Exclude the pictures, then copy word for word the lines running from the beginning of the records through the line with "Zuutii Drip-Free Oil".

··· PROVIDED DATA ···

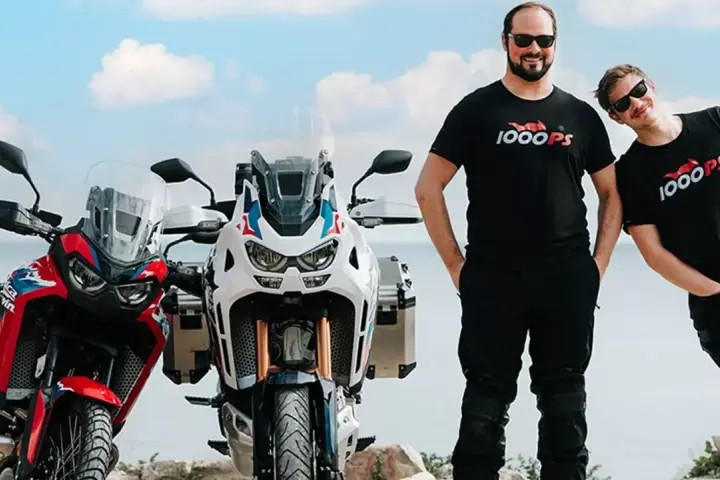 Dwóch mężczyzn w koszulkach 1000PS obok motocykli Honda Africa Twin.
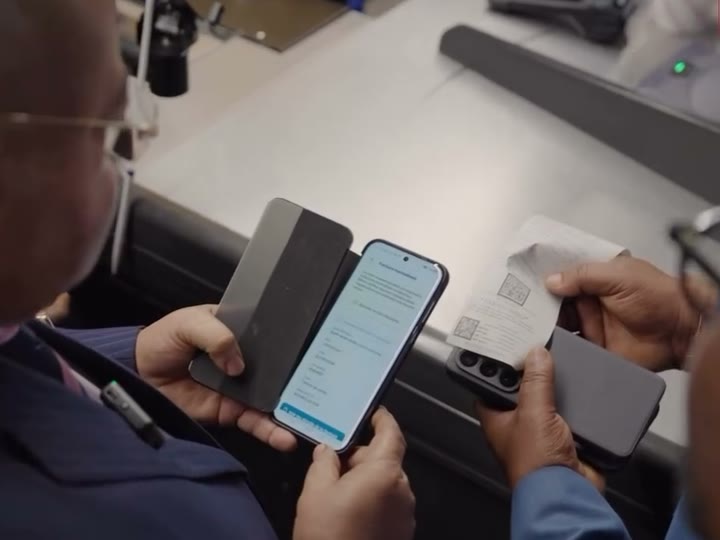 Le directeur général de la DGI vérifie une facture sur un téléphone à une caisse de City Market.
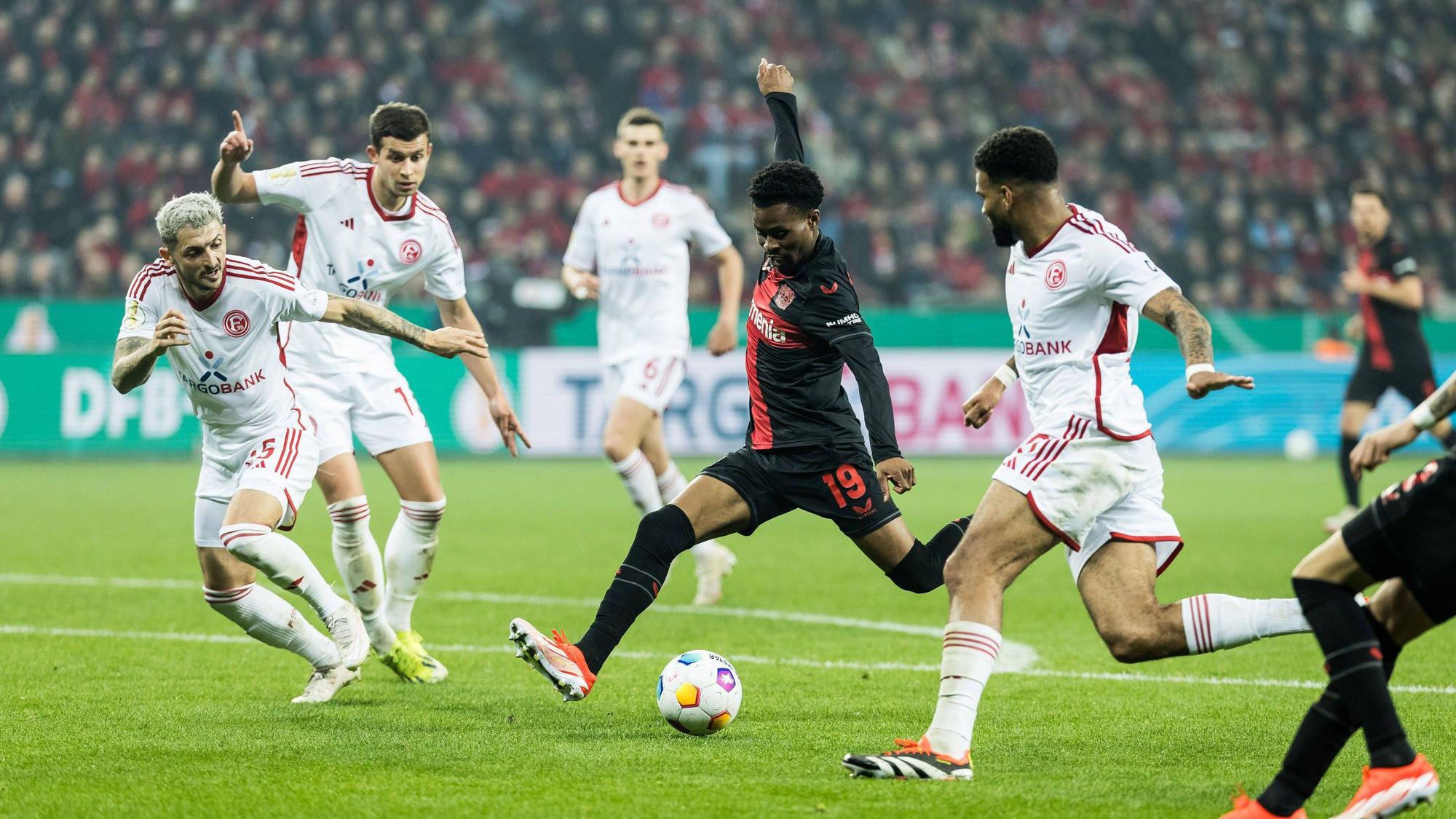 Nathan Tella schießt den Ball. Fortuna Düsseldorf Spieler stehen drumherum: Von l. n. r.: Matthias Zimmermann, Tim Oberdorf, Jamil Siebert.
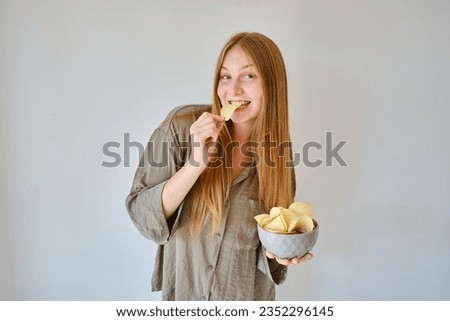 A girl eats crispy potato chips from a bowl on the couch. Quick snack. Calories and diet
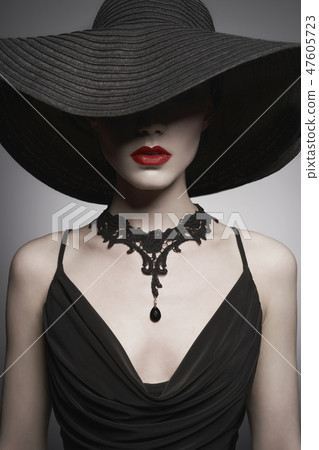 portrait of young lady with black hat and evening dress 47605723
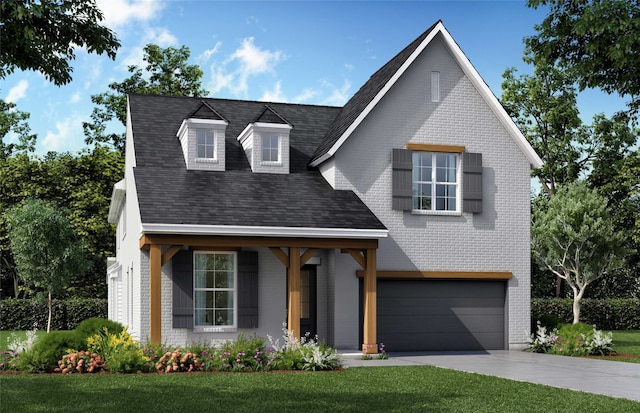 view of front of house featuring an attached garage, a shingled roof, a front yard, brick siding, and driveway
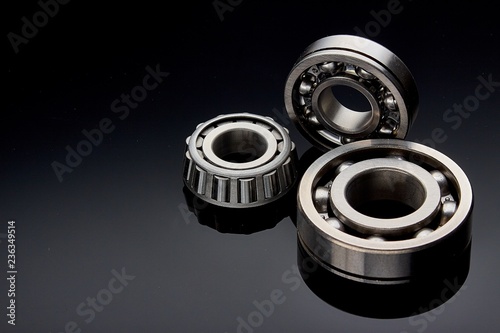 Close-up of a set of ball and roller bearings on a dark background photo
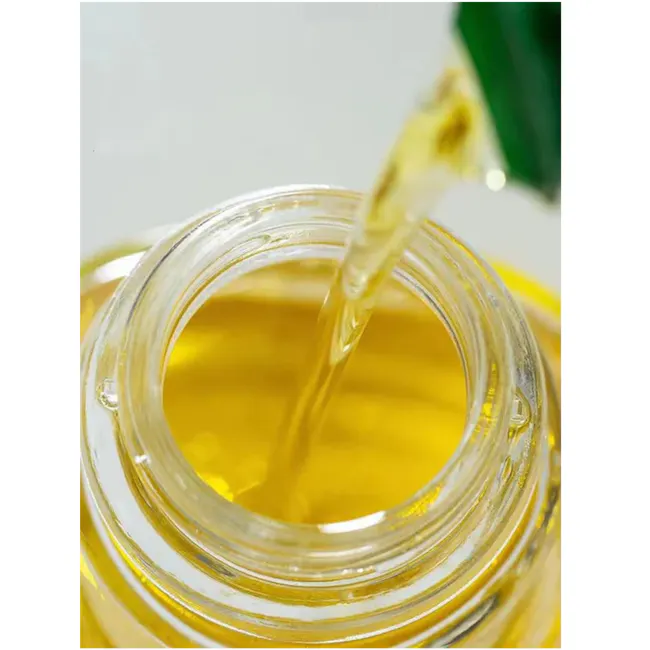 Zuutii Drip-Free Oil Carafe - Lemon Yellow - 12 - Golden liquid, pouring, transparent jar, golden hue, viscous texture, oil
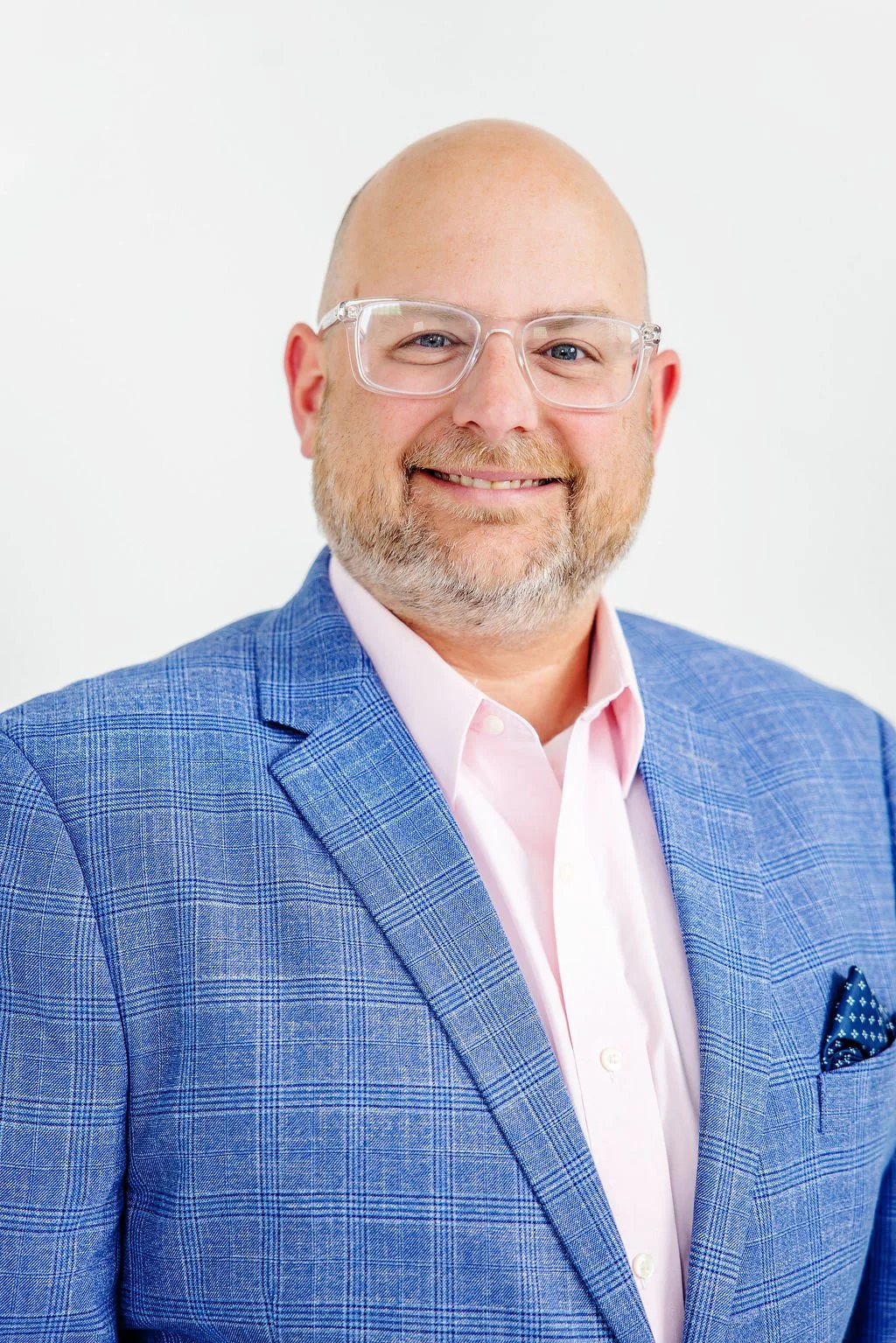 Brian Jones, paralegal, smiling with glasses, wearing a pink shirt, a blue checkered blazer, and a pocket square, standing against a white background.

···

(RESULT OF THE TASK):
 Dwóch mężczyzn w koszulkach 1000PS obok motocykli Honda Africa Twin.
 Le directeur général de la DGI vérifie une facture sur un téléphone à une caisse de City Market.
 Nathan Tella schießt den Ball. Fortuna Düsseldorf Spieler stehen drumherum: Von l. n. r.: Matthias Zimmermann, Tim Oberdorf, Jamil Siebert.
 A girl eats crispy potato chips from a bowl on the couch. Quick snack. Calories and diet
 portrait of young lady with black hat and evening dress 47605723
 view of front of house featuring an attached garage, a shingled roof, a front yard, brick siding, and driveway
 Close-up of a set of ball and roller bearings on a dark background photo
 Zuutii Drip-Free Oil Carafe - Lemon Yellow - 12 - Golden liquid, pouring, transparent jar, golden hue, viscous texture, oil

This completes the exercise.